Les semaines se suivent tout comme les honneurs pour le bédéiste Michel Rabagliati. Fraîchement revenu d'une tournée de promotion en Europe, le père de la série Paul a vu, une fois de plus, son travail récompensé hier. Dans le cadre du 23e Festival de la bande dessinée de Québec, Paul à Québec, le dernier chapitre dans la vie du timide graphiste montréalais, a été décoré du grand prix de la Ville de Québec, prix qui couronne le meilleur album de langue française publié au Québec.

Lancé en avril 2009, ce récit intimiste sur le thème de la mort d'un proche, fait sensation dans l'univers du 9e art depuis près d'un an. En plus d'avoir été la première bande dessinée en compétition pour le grand prix du Salon du livre de Montréal en novembre, le titre a décroché au début de l'année le prix Fauve du public, sorte d'Oscar de la bande dessinée, lors du dernier Festival international de bande dessinée d'Angoulême en France. C'est la première fois qu'un auteur québécois arrivait à une telle reconnaissance.

Baptisé prix Bédéis Causa, l'événement a aussi placé sous les projecteurs le premier tome de la série Saint-Germain (Glénat), dessiné et scénarisé par Jean-François Bergeron, qui a reçu le prix Albéric-Bourgeois (meilleur album de langue française publié à l'étranger par un auteur québécois), mais également Jean-Sébastien Bérubé et son Radisson, fils d'Iroquois (Glénat Québec), qui est reparti hier de la soirée de gala organisée à l'Observatoire de la capitale avec le prix Réal-Fillion du meilleur premier titre.

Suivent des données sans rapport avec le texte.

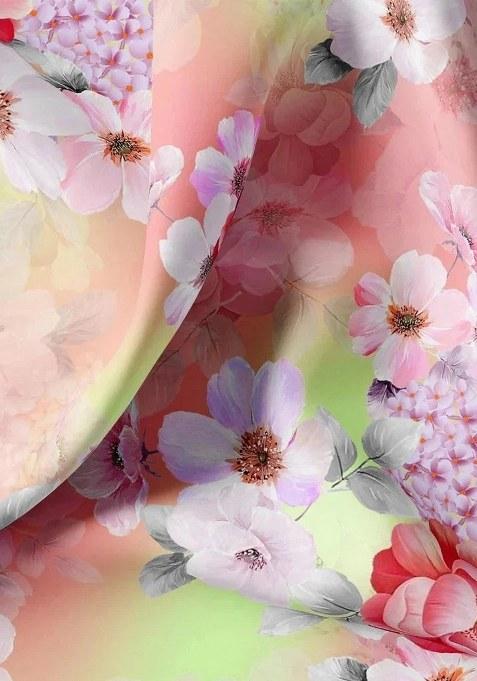 Girls Pink Floral Print Satin Lehenga Set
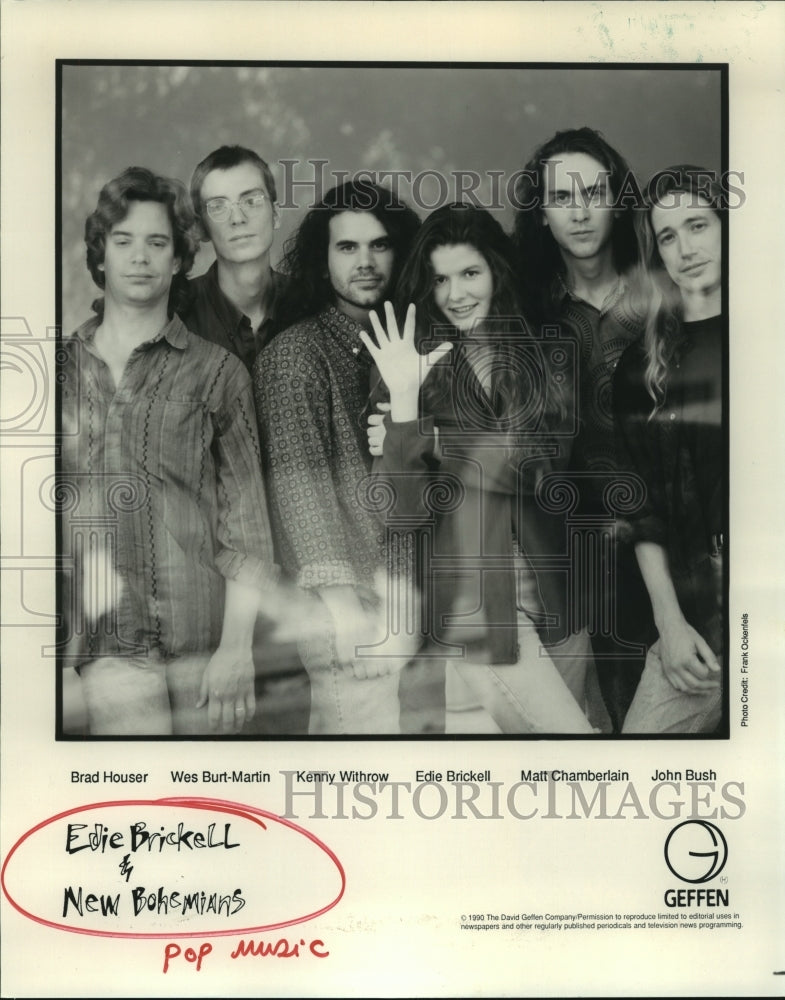 1990 Press Photo Members of pop group &quot;Edie Brickell and New Bohemians&quot;.- Historic Images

Notons également que le nécessaire Blast (Dargaud) de Manu Lacernet a reçu le prix Maurice-Petitdidier, coup de coeur du jury pour un album francophone publié à l'étranger. Enfin, l'École multidisciplinaire de l'image de l'Université du Québec en Outaouais a également été mise à l'honneur. Le prix hommage Albert-Chartier est venu souligner «l'excellence de [ce] programme en bande dessinée».